M&A / Property
H2 Ventures 1 Inc. Announces Proposed Business Combination with Bon Intelligence Inc.
Cash shell pivots from failed solar deal to AI retail tech, but non‑binding LOI leaves execution risk front and centre.

Executive Summary
- H2 Ventures 1 Inc. (TSXV: HO.P) has signed a non‑binding Letter of Intent (LOI) dated June 9, 2026 for a Qualifying Transaction with Bon Intelligence Inc., an AI‑driven commerce intelligence and retail technology company.
- The transaction is structured as a three‑cornered amalgamation or similar, with a Definitive Agreement targeted by July 30, 2026, subject to TSX Venture Exchange approval and shareholder consent.
- On a post‑consolidation basis, the exchange ratio is 1:1 (Bon post‑split shares to Resulting Issuer shares) at a deemed price of $0.50 per share.
- H2 will consolidate its shares 4.08‑for‑1 (leaving ~15 million post‑consolidation shares); Bon will split its shares 1‑for‑4 (yielding 50 million post‑split shares). Super voting shares with 3x economic and voting rights will be created.
- Post‑closing, H2 shareholders will own ~28.87% of Resulting Issuer common shares (11.01% voting), Bon shareholders ~58.24% of common shares (84.08% voting), and concurrent financing subscribers ~11.55%.
- A concurrent financing of up to $3.0 million at $0.50 per unit is planned, with a 7% cash commission and 7% broker warrants.
- H2 will provide a secured $500,000 bridge loan to Bon (6% interest, forgiven at closing) and Bon will separately raise up to $1.5 million in bridge financing.
- Use of proceeds targets Bon’s North American sales expansion, SOC2/GDPR compliance, platform development, in‑store media partnerships, and working capital.
- Bon’s business description: Over 1,800 retail locations, 50+ active clients, hubs in Vancouver, Istanbul, New York; partners include Türk Telekom, Vodafone Net, KoçSistem/Pixage, Telaid Industries.
- The LOI includes a 120‑day exclusivity period and $250,000 break fee. Trading in H2 shares remains halted until TSXV accepts documentation.
Material Impact
- The announcement is a significant event for a capital pool company with no operations and a going‑concern risk; it provides the first concrete path toward a Qualifying Transaction after the termination of the previous attempt with Magnus Green Solar on February 5, 2026.

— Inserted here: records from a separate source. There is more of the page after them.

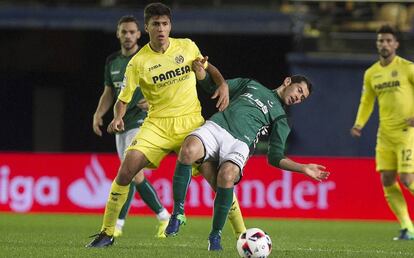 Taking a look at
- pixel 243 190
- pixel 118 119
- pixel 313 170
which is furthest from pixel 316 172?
pixel 243 190

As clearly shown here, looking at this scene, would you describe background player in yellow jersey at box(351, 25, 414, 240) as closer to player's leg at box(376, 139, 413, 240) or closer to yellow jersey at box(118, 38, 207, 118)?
player's leg at box(376, 139, 413, 240)

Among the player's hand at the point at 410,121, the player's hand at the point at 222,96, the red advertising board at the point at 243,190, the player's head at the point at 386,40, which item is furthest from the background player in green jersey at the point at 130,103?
the red advertising board at the point at 243,190

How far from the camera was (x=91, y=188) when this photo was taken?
Answer: 17578 mm

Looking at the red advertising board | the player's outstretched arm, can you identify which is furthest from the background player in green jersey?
the red advertising board

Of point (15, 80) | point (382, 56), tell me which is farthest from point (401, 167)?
point (15, 80)

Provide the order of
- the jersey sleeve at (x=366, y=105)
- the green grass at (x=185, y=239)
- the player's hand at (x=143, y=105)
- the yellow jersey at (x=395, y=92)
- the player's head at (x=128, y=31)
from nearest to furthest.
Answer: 1. the green grass at (x=185, y=239)
2. the player's hand at (x=143, y=105)
3. the player's head at (x=128, y=31)
4. the yellow jersey at (x=395, y=92)
5. the jersey sleeve at (x=366, y=105)

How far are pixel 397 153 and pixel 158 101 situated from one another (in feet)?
13.3

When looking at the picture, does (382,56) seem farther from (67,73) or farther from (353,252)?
(67,73)

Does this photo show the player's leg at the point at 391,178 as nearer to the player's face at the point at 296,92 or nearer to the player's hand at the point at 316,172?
the player's face at the point at 296,92

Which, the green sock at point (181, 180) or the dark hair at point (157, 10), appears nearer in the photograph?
the green sock at point (181, 180)

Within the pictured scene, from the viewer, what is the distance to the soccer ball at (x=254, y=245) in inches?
Answer: 359

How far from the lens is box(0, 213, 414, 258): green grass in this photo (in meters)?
9.84

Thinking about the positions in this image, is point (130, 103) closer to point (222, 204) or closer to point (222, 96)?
point (222, 96)

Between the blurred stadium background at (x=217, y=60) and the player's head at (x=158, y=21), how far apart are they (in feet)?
24.2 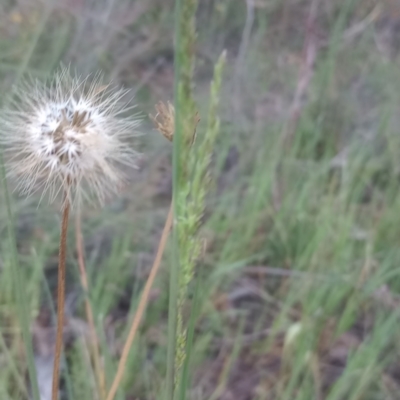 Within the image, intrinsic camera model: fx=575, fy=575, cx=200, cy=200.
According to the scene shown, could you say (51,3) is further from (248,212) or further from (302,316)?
(302,316)

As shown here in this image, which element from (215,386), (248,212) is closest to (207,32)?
(248,212)

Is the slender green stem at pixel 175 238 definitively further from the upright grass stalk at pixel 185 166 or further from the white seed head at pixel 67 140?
the white seed head at pixel 67 140

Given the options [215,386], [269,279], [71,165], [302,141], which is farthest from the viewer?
[302,141]

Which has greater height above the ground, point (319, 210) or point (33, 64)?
point (33, 64)

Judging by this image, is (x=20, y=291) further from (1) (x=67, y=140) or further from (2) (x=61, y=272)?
(1) (x=67, y=140)

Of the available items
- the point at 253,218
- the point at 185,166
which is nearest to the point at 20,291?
the point at 185,166

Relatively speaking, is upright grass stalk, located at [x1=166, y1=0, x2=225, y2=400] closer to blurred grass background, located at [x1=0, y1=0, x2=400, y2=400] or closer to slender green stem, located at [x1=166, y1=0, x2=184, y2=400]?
slender green stem, located at [x1=166, y1=0, x2=184, y2=400]

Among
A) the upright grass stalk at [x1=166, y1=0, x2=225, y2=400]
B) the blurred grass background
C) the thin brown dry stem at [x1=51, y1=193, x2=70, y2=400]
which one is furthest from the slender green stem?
the blurred grass background

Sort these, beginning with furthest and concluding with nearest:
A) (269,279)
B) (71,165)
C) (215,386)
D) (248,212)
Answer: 1. (248,212)
2. (269,279)
3. (215,386)
4. (71,165) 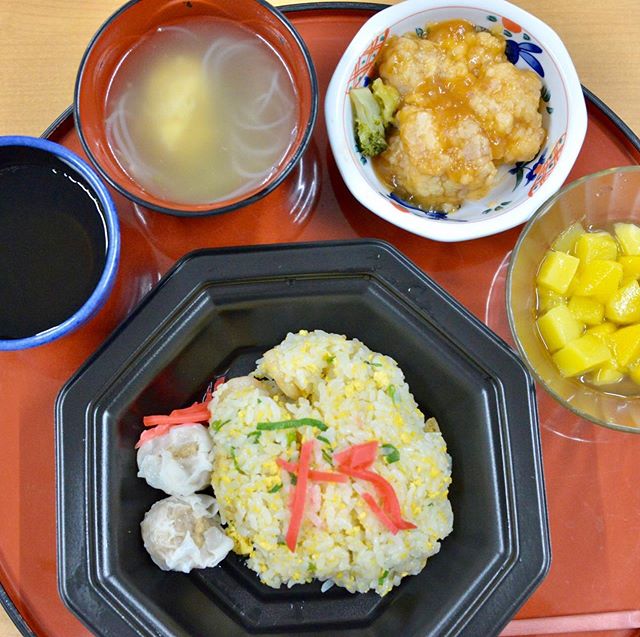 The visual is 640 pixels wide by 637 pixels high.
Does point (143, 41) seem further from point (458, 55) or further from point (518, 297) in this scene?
point (518, 297)

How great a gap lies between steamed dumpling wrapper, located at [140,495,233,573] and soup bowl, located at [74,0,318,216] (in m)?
0.67

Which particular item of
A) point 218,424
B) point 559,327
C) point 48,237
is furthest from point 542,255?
point 48,237

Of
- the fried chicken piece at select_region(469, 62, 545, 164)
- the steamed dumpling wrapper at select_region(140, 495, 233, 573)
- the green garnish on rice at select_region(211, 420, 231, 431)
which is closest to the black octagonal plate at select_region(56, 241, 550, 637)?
the steamed dumpling wrapper at select_region(140, 495, 233, 573)

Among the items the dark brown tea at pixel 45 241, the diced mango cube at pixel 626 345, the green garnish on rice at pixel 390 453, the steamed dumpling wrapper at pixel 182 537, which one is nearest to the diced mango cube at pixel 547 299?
the diced mango cube at pixel 626 345

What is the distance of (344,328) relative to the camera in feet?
5.82

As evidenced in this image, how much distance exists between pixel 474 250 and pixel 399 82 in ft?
1.50

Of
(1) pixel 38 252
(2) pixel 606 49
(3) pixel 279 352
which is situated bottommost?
(3) pixel 279 352

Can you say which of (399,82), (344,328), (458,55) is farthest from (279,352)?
(458,55)

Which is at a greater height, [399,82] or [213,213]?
[399,82]

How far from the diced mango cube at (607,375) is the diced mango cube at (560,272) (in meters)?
0.20

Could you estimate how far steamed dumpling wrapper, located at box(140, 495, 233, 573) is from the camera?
1.62 metres

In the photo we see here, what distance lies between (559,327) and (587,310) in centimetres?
8

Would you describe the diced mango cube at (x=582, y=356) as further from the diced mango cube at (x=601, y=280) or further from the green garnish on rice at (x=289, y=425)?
the green garnish on rice at (x=289, y=425)

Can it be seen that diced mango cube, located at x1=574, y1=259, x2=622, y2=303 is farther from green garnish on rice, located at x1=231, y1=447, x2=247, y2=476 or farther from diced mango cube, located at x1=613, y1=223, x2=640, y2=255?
green garnish on rice, located at x1=231, y1=447, x2=247, y2=476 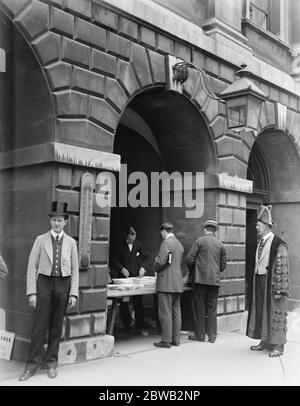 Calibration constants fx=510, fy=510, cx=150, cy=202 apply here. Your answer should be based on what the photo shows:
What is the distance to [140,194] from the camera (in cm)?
1028

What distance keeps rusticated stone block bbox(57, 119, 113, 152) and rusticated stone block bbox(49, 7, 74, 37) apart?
1159mm

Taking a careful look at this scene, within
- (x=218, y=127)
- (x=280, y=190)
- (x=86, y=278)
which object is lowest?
(x=86, y=278)

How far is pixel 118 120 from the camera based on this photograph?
23.9 feet

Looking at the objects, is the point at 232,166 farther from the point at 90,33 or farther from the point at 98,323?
the point at 98,323

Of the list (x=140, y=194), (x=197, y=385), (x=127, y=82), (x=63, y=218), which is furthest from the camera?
(x=140, y=194)

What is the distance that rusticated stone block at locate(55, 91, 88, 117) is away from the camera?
654 centimetres

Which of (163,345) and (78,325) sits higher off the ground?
(78,325)

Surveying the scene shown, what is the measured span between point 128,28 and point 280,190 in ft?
20.3

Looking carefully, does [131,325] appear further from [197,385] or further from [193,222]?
[197,385]

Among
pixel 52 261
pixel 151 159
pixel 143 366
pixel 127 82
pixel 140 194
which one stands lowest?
pixel 143 366

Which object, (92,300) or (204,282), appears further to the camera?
(204,282)

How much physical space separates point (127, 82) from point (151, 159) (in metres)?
2.80

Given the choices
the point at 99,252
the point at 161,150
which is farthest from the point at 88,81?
the point at 161,150

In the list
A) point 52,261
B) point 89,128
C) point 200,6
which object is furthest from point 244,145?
point 52,261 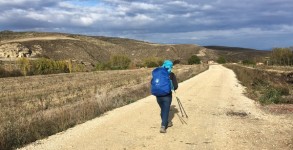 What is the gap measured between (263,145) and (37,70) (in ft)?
210

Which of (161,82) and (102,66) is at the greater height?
(161,82)

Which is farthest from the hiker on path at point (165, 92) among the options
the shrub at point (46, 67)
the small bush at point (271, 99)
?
the shrub at point (46, 67)

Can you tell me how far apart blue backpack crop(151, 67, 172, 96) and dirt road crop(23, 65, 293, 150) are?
1.19m

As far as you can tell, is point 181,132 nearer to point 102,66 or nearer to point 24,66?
point 24,66

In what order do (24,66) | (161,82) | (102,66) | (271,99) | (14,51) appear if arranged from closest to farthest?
(161,82) → (271,99) → (24,66) → (102,66) → (14,51)

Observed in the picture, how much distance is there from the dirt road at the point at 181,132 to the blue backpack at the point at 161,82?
1190mm

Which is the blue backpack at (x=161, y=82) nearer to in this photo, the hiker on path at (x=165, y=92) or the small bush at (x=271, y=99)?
the hiker on path at (x=165, y=92)

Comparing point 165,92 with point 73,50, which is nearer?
point 165,92

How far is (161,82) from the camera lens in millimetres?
11453

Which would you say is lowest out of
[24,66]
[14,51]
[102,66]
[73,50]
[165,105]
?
[102,66]

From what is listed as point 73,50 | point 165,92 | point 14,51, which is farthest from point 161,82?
point 73,50

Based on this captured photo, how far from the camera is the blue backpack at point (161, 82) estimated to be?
11445mm

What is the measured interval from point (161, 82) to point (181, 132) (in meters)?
1.56

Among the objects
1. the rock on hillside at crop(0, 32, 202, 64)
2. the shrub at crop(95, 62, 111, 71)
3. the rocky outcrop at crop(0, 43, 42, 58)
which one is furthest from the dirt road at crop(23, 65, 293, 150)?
the rock on hillside at crop(0, 32, 202, 64) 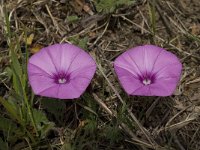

- If completed, the transaction would transform H2 from a cash shell into an operating AI‑retail‑tech company, giving it a business, revenue potential, and a growth story.
- The non‑binding nature, absence of Bon’s financial statements, and extensive conditions precedent (including audited financials, TSXV approval, concurrent financing, and conversion of $1.9 million Bon convertible debt) inject considerable uncertainty.
- H2 shareholders will be heavily diluted, ending up with only 28.87% of common equity and minimal voting power (11%), while Bon’s existing holders retain de facto control via super‑voting shares (84% votes). This is typical for CPC reverse takeovers but caps upside for public shareholders.
- The concurrent financing is modest ($3 million) and a significant portion will go to fees, bridge repayment, and near‑term working capital needs; it is not a transformative capital injection in itself.
- Given H2’s pre‑LOI implied valuation (see financial position), the deal effectively values Bon at roughly $25 million post‑money ($0.50 × 50 million post‑split shares), but Bon’s actual revenue, margins, and cash burn are unknown.
- The stock halt means no immediate price reaction can be observed; however, if the stock were trading, the news would likely cause a notable upward move on speculation, offset by the risk of non‑closure.
HOP · Price
Company Overview
- H2 Ventures 1 Inc. is a Capital Pool Company (CPC) incorporated in British Columbia, listed on the TSX Venture Exchange under symbol HO.P. It has no commercial operations, no revenue, and holds only cash and cash equivalents.
- Its sole stated purpose is to identify and complete a Qualifying Transaction pursuant to TSXV Policy 2.4, effectively making it a publicly traded shell seeking a reverse takeover target.
- As of December 31, 2025, the company had 61.2 million common shares outstanding, cash of $4.9 million, total liabilities of only $26k, and book value of $0.08 per share.
- The company has no operating history and its stock is halted pending the outcome of the proposed QT.